> Task statement: Starting at the line with "5-Osaline Aiamööblikomplekt Istmepatjadega, Polürotang, Hall" and going on through the line with "Avenham Black Framed Bench - Uttermost", reproduce each line in the records below exactly and nothing more.
::: Data excerpts :::
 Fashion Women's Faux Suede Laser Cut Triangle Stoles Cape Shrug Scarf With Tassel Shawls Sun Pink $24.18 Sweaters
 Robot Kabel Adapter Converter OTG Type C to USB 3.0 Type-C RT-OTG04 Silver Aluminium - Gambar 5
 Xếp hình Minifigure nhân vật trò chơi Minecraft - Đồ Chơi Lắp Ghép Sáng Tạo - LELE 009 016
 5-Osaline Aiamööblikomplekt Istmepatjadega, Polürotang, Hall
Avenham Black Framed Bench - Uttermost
:::
::: Data excerpts :::
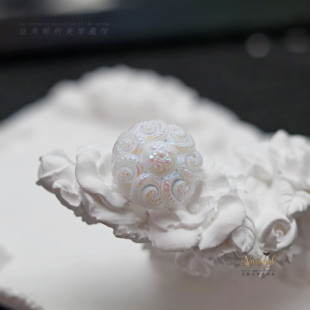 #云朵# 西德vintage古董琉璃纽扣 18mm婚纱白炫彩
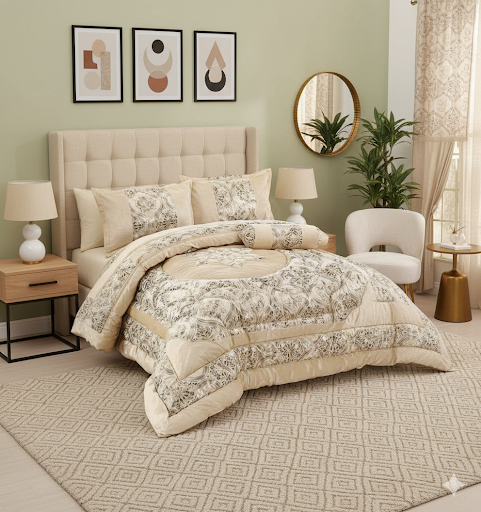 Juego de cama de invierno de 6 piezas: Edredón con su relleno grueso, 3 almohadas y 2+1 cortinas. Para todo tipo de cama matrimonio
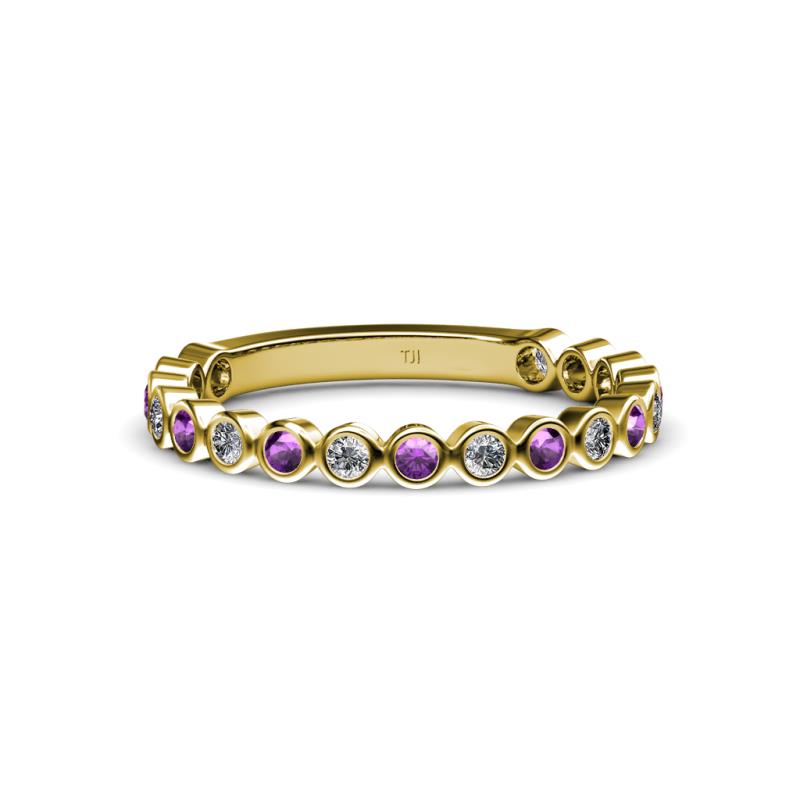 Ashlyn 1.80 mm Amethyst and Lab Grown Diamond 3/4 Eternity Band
:::
::: Data excerpts :::
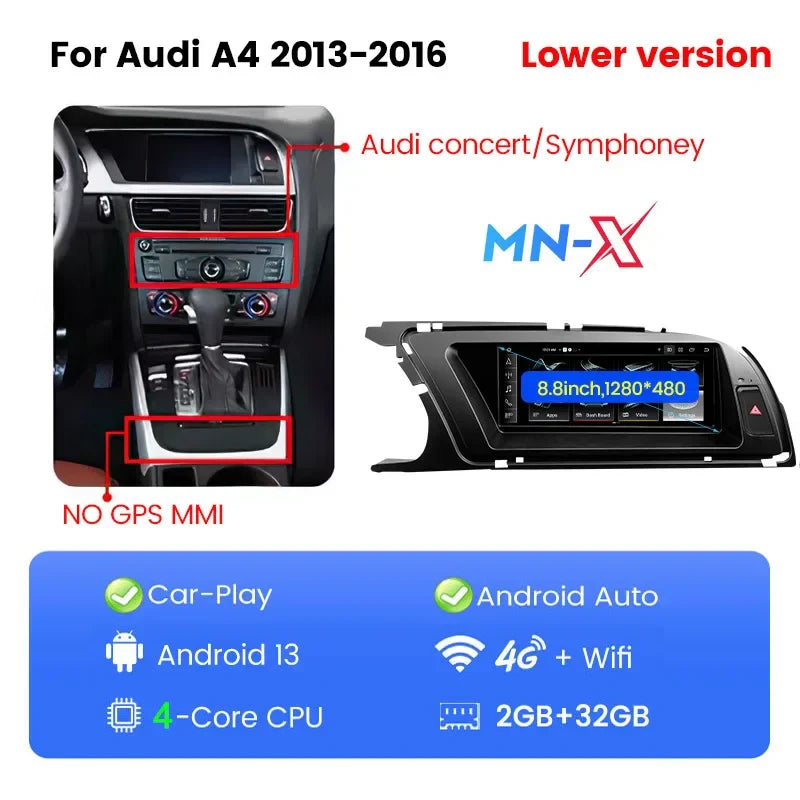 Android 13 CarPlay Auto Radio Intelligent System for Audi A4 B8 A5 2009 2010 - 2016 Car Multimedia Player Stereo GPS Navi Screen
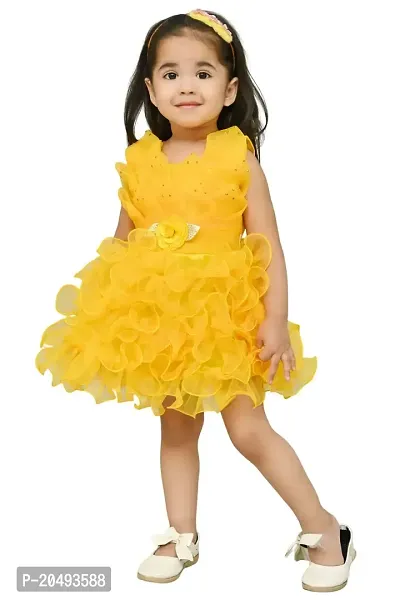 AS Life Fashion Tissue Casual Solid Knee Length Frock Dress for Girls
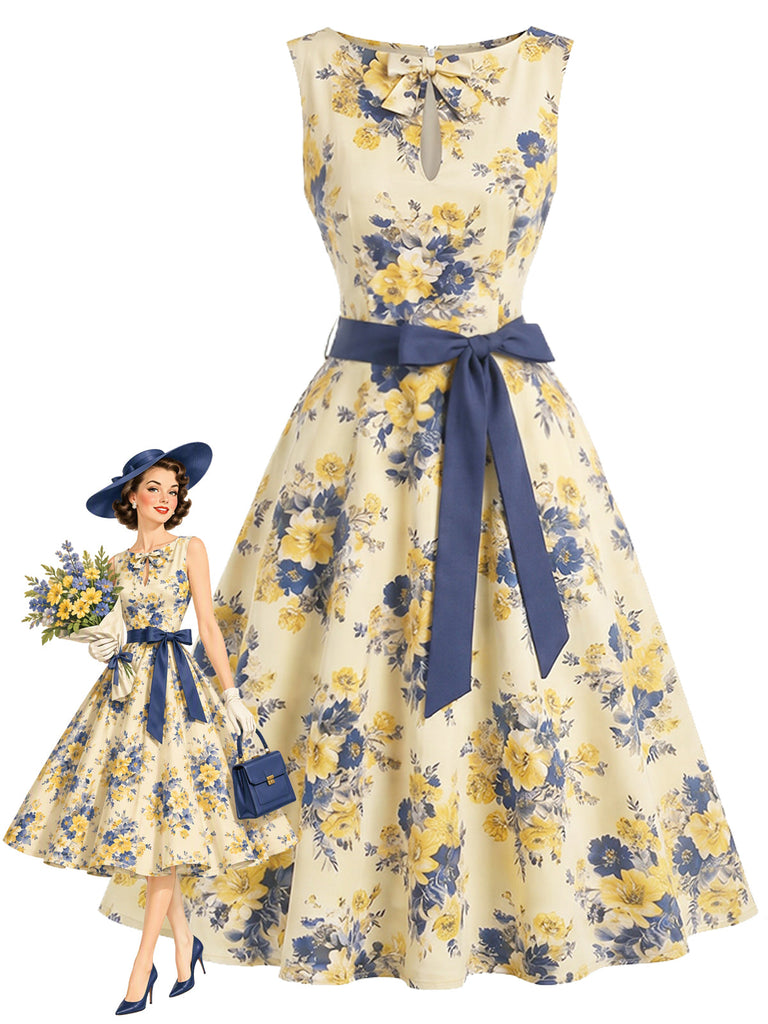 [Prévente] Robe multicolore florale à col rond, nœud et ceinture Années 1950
:::
> Task solution:
 5-Osaline Aiamööblikomplekt Istmepatjadega, Polürotang, Hall
Avenham Black Framed Bench - Uttermost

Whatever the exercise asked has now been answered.